*EXERCISE GOAL*
The full listing, copied exactly and free of pictures, is the expected reply.

*MATERIAL PROVIDED*
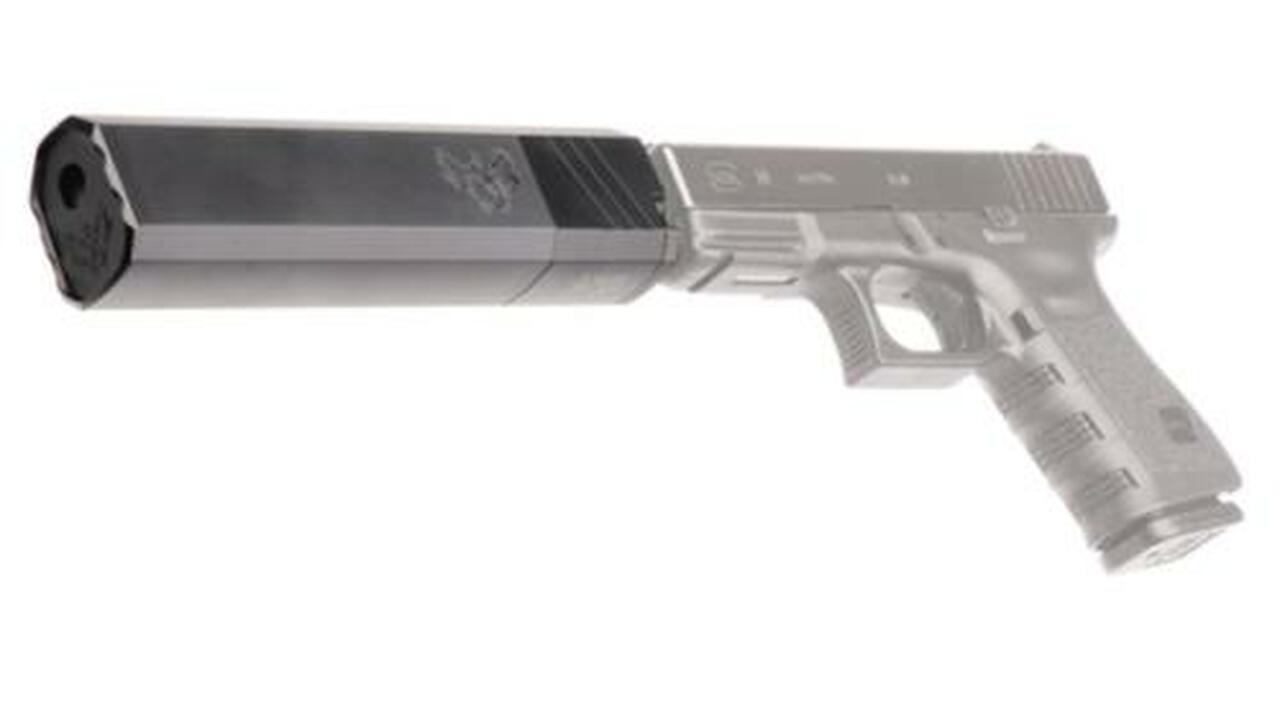 Silencerco 9 Osprey Suppressor, Body Only, No Piston
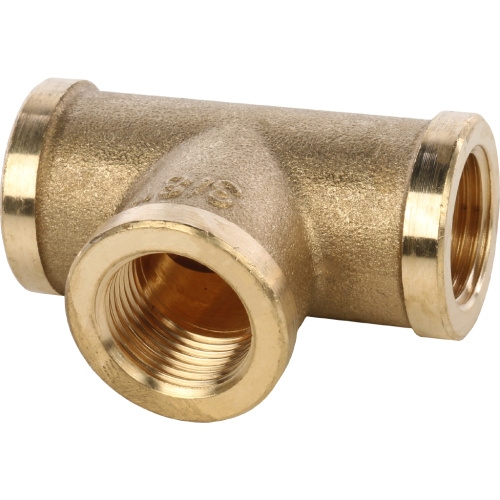 Тройник Stout 3/8"ВВВ латунь SFT-0019-000038
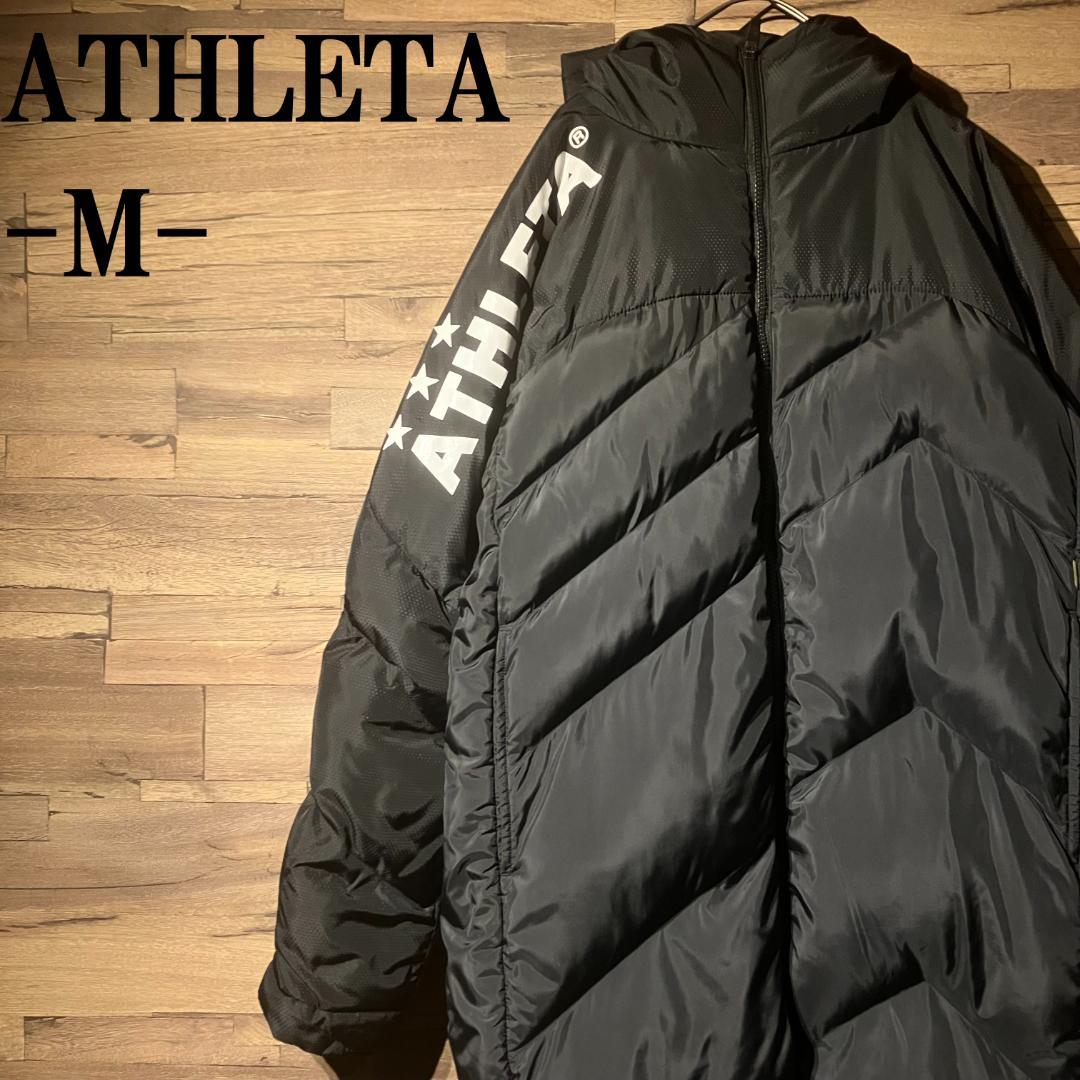 ATHLETA ブラック ダウンベンチコート M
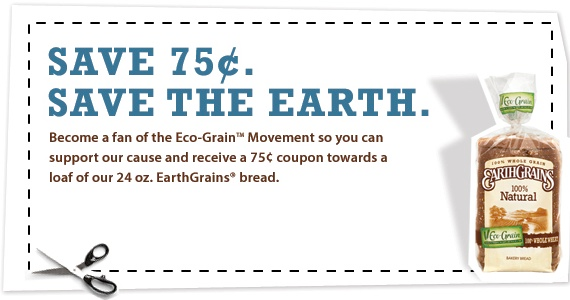 New EarthGrains Bread Printable Coupon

*RESPONSE TO THE EXERCISE*
 Silencerco 9 Osprey Suppressor, Body Only, No Piston
 Тройник Stout 3/8"ВВВ латунь SFT-0019-000038
 ATHLETA ブラック ダウンベンチコート M
 New EarthGrains Bread Printable Coupon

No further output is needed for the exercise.